▶ **WORK ITEM**:
Where the listing shows an image, skip it and output all other material unchanged.

▶ **DATA EXCERPTS**:
+++++

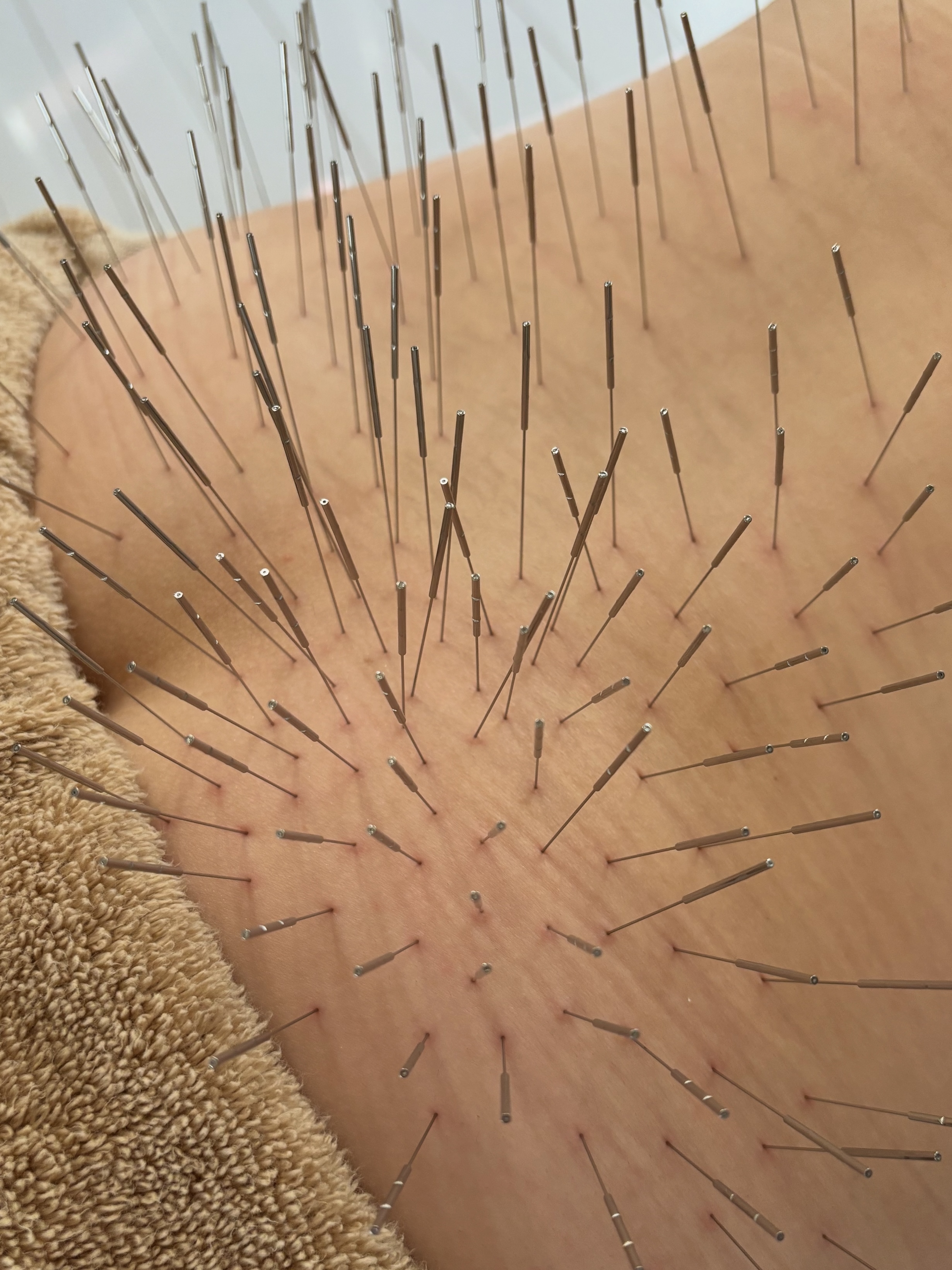 鍼秋田別院〜ルート治療専門院〜 婦人科集中コースのメニュー画像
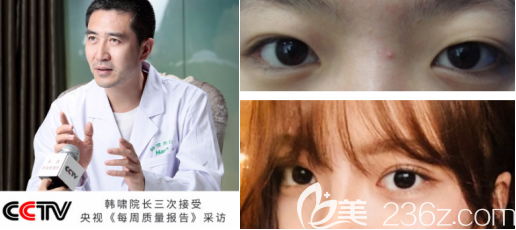 濟(jì)南海嘯雙眼皮案例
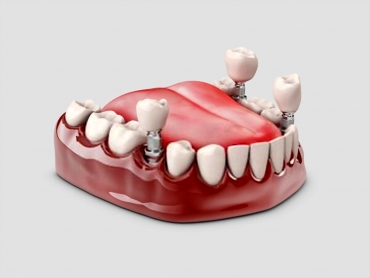 Dentin Bağlayıcı Kuronlar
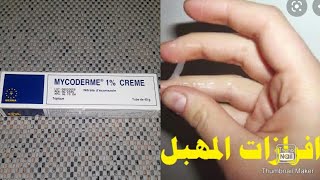 كريم mycoderm العلاج النهائي لحكة المهبل ومشاكل جلدية اخرى مع طريقة استعمال وداعا للافرازات المهبلية [upl. by Branden]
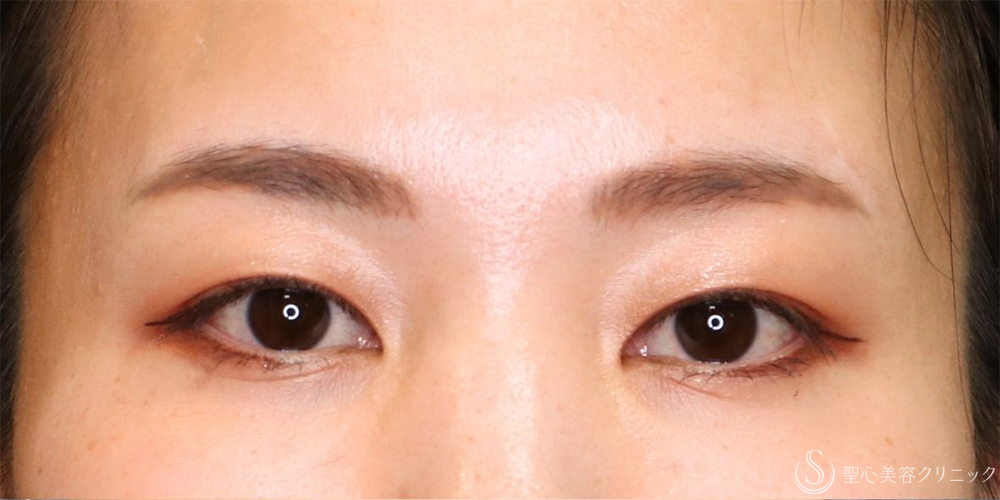 【30代女性・まぶたスッキリ】眉下切開+目上切開（1ヶ月後） Before 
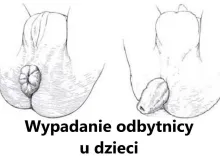 Wypadanie odbytnicy u dzieci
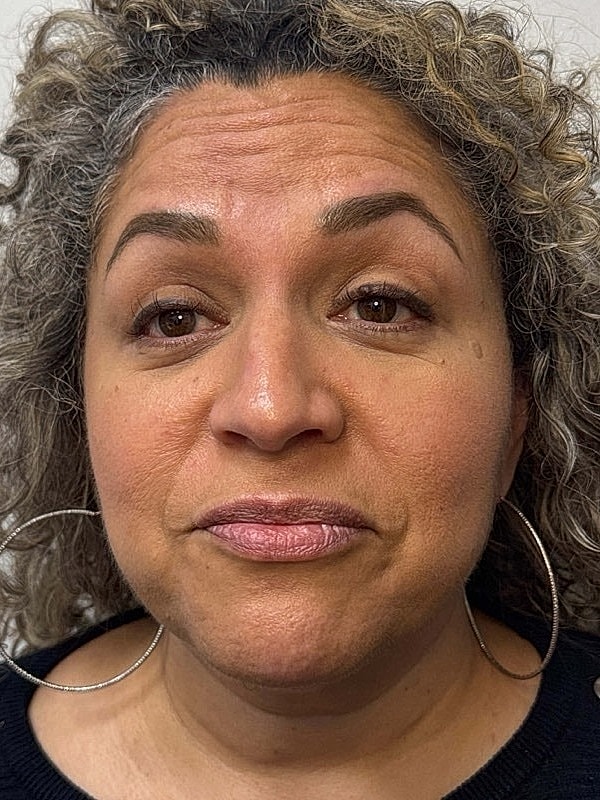 Botox Before & After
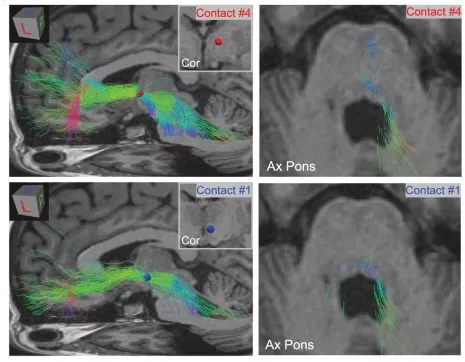 Sagittal and axial brain MRI images showing deep brain stimulation electrode contacts with colored tractography streamlines. Insets highlight electrode contact locations in coronal and axial views near the pons.
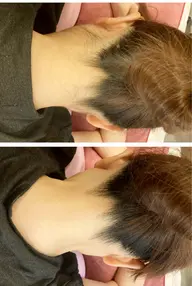 【うなじ脱毛お試し】清潔感アップ✨後ろ姿に自信が持てるうなじ脱毛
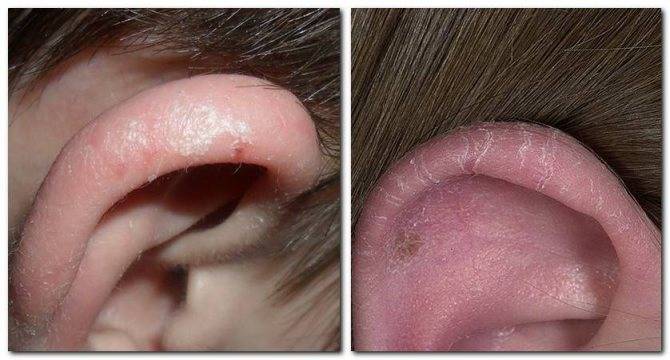 У ребенка грязные уши каждый день - причины и лечение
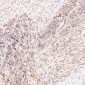 Anti-N-Cadherin-2 CDH2 CD325-Rabbit Monoclonal Antibody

+++++

▶ **SOLUTION TO THIS PROBLEM**:
 鍼秋田別院〜ルート治療専門院〜 婦人科集中コースのメニュー画像
 濟(jì)南海嘯雙眼皮案例
 Dentin Bağlayıcı Kuronlar
 كريم mycoderm العلاج النهائي لحكة المهبل ومشاكل جلدية اخرى مع طريقة استعمال وداعا للافرازات المهبلية [upl. by Branden]
 【30代女性・まぶたスッキリ】眉下切開+目上切開（1ヶ月後） Before 
 Wypadanie odbytnicy u dzieci
 Botox Before & After
 Sagittal and axial brain MRI images showing deep brain stimulation electrode contacts with colored tractography streamlines. Insets highlight electrode contact locations in coronal and axial views near the pons.
 【うなじ脱毛お試し】清潔感アップ✨後ろ姿に自信が持てるうなじ脱毛
 У ребенка грязные уши каждый день - причины и лечение
 Anti-N-Cadherin-2 CDH2 CD325-Rabbit Monoclonal Antibody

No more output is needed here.